Segundo a UNICEF, pelo menos metade das infraestruturas de água e saneamento em Gaza foram destruídas ou danificadas. A agência das Nações Unidas de apoio aos refugiados palestinianos (UNRWA) relata também que cerca de 70 por cento da população de Gaza bebe água salgada ou contaminada.
“Devido à falta de água potável para beber ou para outro usos, os nossos pacientes enfrentam distúrbios intestinais e o vírus da gripe, que está a propagar-se amplamente”, avança o coordenador de atividades de promoção de saúde da MSF, Mohammad Abu Zayed. “Ultimamente, temos observado também crianças que sofrem de irritações de pele devido à falta de água limpa para tomar banho.”

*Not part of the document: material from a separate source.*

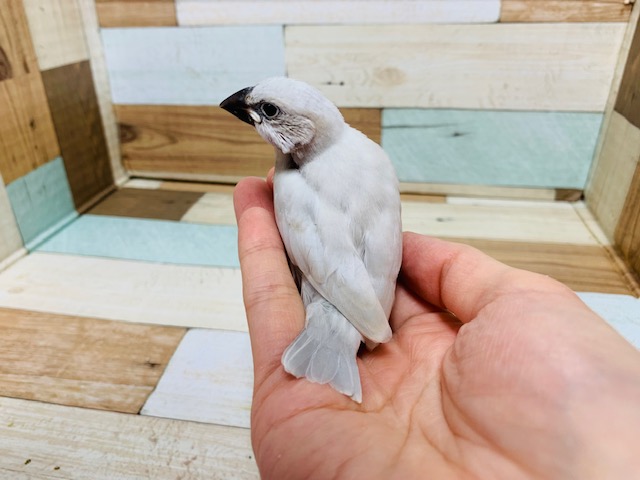シルバー文鳥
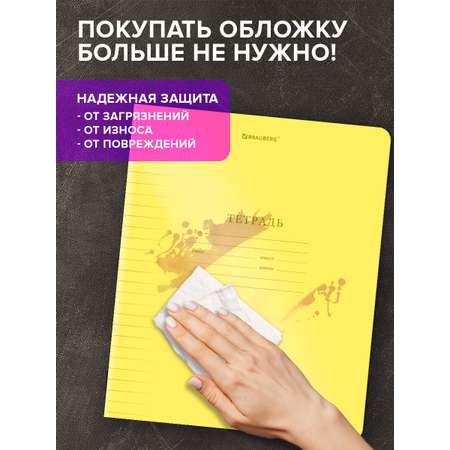Общая тетрадь Brauberg линейка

A falta de água limpa acarreta outros riscos de saúde, como a “diarreia e várias doenças de pele”, explica Marina Pomares, conselheira médica da Médicos Sem Fronteiras (MSF) em Gaza, que lembra também que “a falta de água pode levar simplesmente à desidratação”. A preparação de alimentos e a higiene pessoal também são afetadas, aumentando o risco de infeções. “Os efeitos são piores nas crianças, que têm um sistema imunitário mais fraco do que os adultos e estão mais expostas a doenças e a alergias”, sublinha.
As equipas da MSF estão a fornecer cuidados de saúde primários em dois locais em Rafah. À data de 2 de fevereiro, quase 30 por cento das morbidades de crianças com menos de cinco anos que receberam tratamento na clínica Shaboura e no posto de saúde de Al-Mawasi deviam-se à diarreia ou a doenças de pele. Nas últimas semanas, as equipas da MSF em Rafah receberam também 43 pacientes com suspeita de hepatite A. Todas essas condições estão relacionadas com a escassez de água potável e são agravadas pela falta de instalações médicas funcionais na área.
Em dezembro de 2023, as equipas da Médicos Sem Fronteiras iniciaram um programa de distribuição de água, para responder a algumas das necessidades mais urgentes das pessoas deslocadas em Rafah. Atualmente, os profissionais de água e saneamento fornecem em média 110.000 litros de água potável por dia a cerca de 20.000 pessoas.
Essa quantidade, porém, não é suficiente para reverter a grave situação. "Normalmente, uma pessoa precisa de dois a três litros de água potável por dia", frisa Youssef Al-Khishawi, profissional de água e saneamento da MSF. "Agora, com a escassez atual, uma família de seis tem apenas 3.8 litros por dia.”
Falta de combustível, estradas e canalizações destruídas
O problema não é diretamente a quantidade de água distribuída: isso é uma tarefa que a MSF está pronta para reforçar, mas as restrições de entrada em Gaza limitam severamente o número de camiões com ajuda e combustível que podem entrar.
"O principal desafio que enfrentamos na distribuição de água é a falta de combustível para bombear e transportá-la", sublinha Al-Khishawi. "A segunda é a falta de estradas adequadas para os nossos camiões circularem, porque até no asfalto há tendas. A terceira é que não há pontos de distribuição de água. As canalizações e infraestruturas foram destruídas."
Como se todas essas dificuldades não bastassem para as pessoas em Rafah, o primeiro-ministro israelita anunciou que está iminente uma ofensiva das forças militares israelitas na cidade do Sul da Faixa.
“A ofensiva terrestre declarada contra Rafah seria catastrófica e não deve prosseguir”, urge a diretora-geral da Médicos Sem Fronteiras, Meinie Nicolai. “À medida que os bombardeamentos aéreos continuam, mais de 1 milhão de pessoas, muitas a viver em tendas e abrigos improvisados, enfrentam agora uma escalada dramática do que está em curso.”
A MSF insta a um cessar-fogo prolongado, que é a única maneira das pessoas em Gaza poderem voltar para casa em segurança. A organização médica e humanitária pede também que o fluxo de ajuda humanitária para Gaza seja restaurado e ampliado para garantir que as pessoas possam ter acesso a bens essenciais, como alimentos, água e serviços de saúde.
“Nenhum lugar em Gaza é seguro. As pessoas foram forçadas a deslocarem-se e estão presas em Rafah. Não têm mesmo mais opções”, conclui Meinie.